Oleh : DR Otong Sulaeman, Ketua/Rektor STAI Sadra periode 2024-2028
REPUBLIKA.CO.ID, JAKARTA-Kita masih berada di bulan Agustus, di mana bangsa Indonesia kembali larut dalam suasana penuh simbol. Kita merayakan, dengan penuh rasa syukur, bahwa bangsa ini pernah bangkit dari belenggu penjajahan.
Namun, di tengah gegap gempita itu, ada satu hal yang kerap luput dari ingatan: para pahlawan kita berjuang bukan hanya melawan senjata penjajah, melainkan juga melawan propaganda kolonial.
Sejarah mencatat bagaimana kolonialisme selalu berusaha membungkus dirinya dengan wajah yang manis. Penjajahan tidak pernah ditampilkan sebagai perampasan, melainkan sebagai “misi peradaban.”
Indonesia mengenalnya dalam istilah Politik Etis Belanda pada 1901. Konon, Belanda ingin membalas budi kepada bumiputra dengan memberi pendidikan, kesehatan, dan perbaikan kesejahteraan.
Narasi ini tidak lahir di ruang hampa. Ia bagian dari wacana kolonial global yang pada akhir abad ke-19 dipopulerkan oleh Rudyard Kipling lewat buku puisinya yang berjudul White Man’s Burden (Beban Orang Kulit Putih).
Dalam bukunya, Kipling menggambarkan bahwa bangsa kulit putih memiliki “tugas moral” untuk mendidik bangsa-bangsa non-Eropa yang dianggap terbelakang.

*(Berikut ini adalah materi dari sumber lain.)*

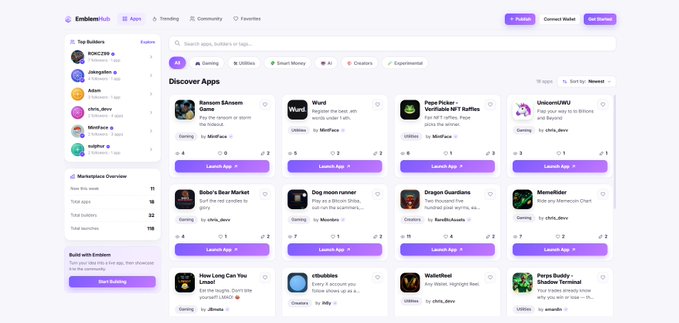 A screenshot of the EmberHub app store interface showing various mini-apps and games like 'Ransom $Ansem Game', 'Wurd', and 'Pepe Picker' with launch buttons.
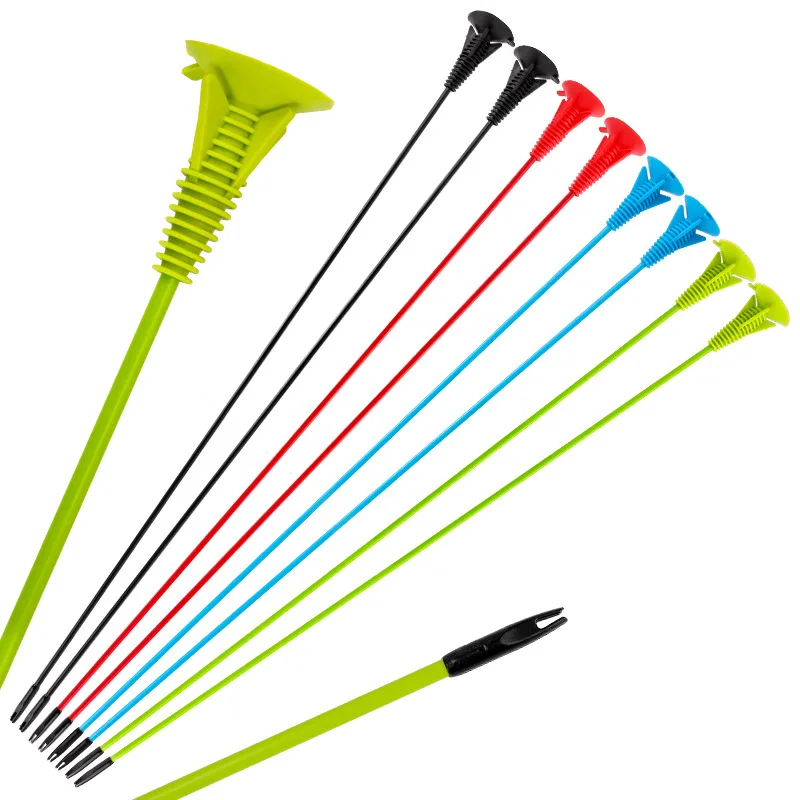 6/12 Pieces 64cm Sucker Arrows Outer Diameter 4mm Fiberglass Arrows Suitable For Teens And Children To Practice Archery Bows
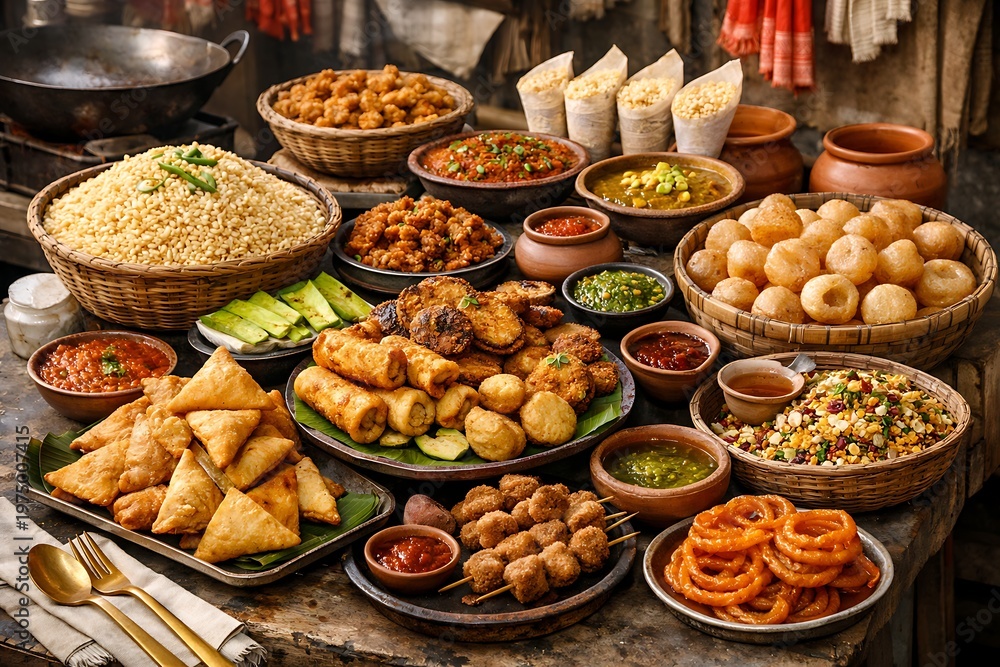 Obraz premium Pohela Boishakh street food scene with traditional snacks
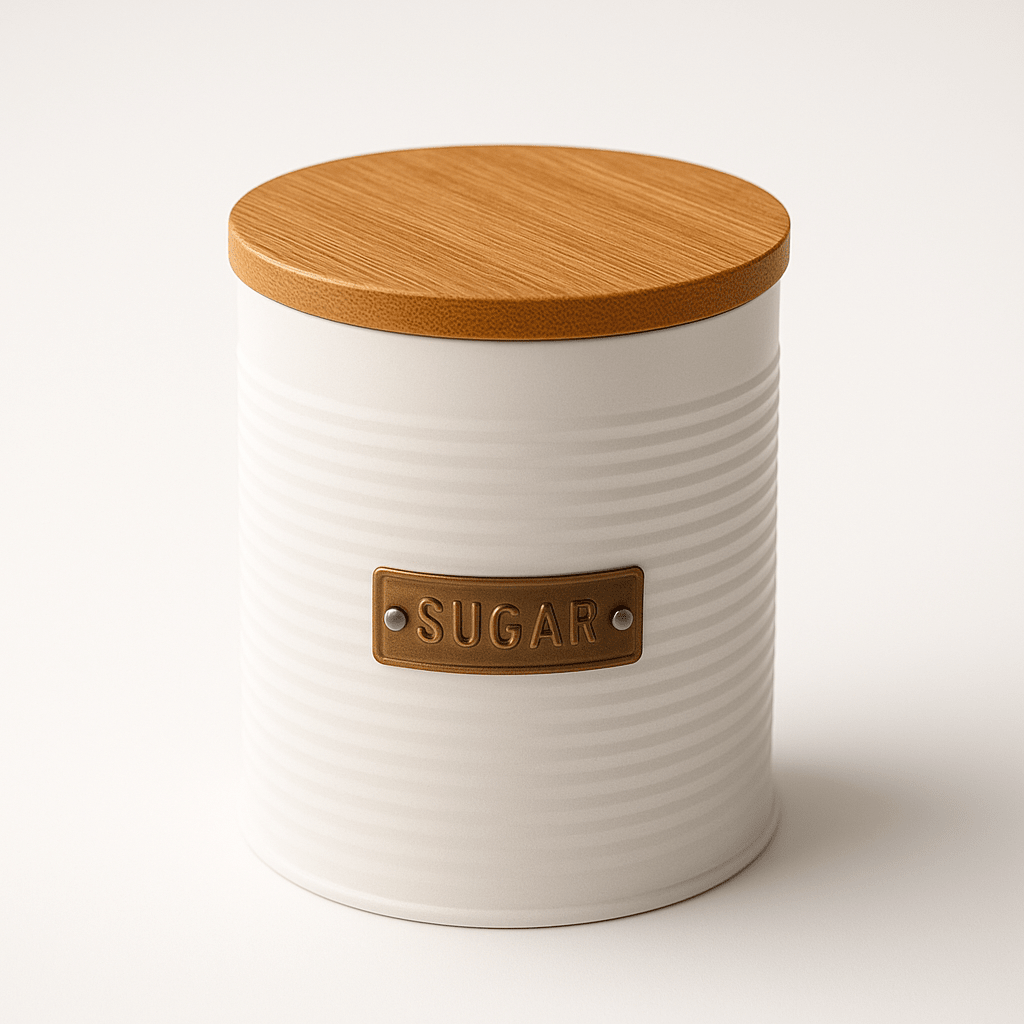 Canister 13X11 Cm Blanco, Placa Dorada Y Tapa De Bamboo Sugar1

BACA JUGA: Pengakuan Biarawati AS yang Mukim Lama di Palestina tentang Hamas dan Israel Hebohkan Dunia
Dengan logika ini, penjajahan dilihat bukan sebagai perampasan, melainkan sebagai kewajiban moral.
Namun, banyak kritikus langsung membantah narasi itu. Edward Morel, jurnalis Inggris, menerbitkan buku The Black Man’s Burden (1903) yang menegaskan bahwa penjajahan bukanlah beban orang kulit putih, melainkan beban tragis yang harus ditanggung bangsa kulit hitam dan bangsa terjajah lainnya.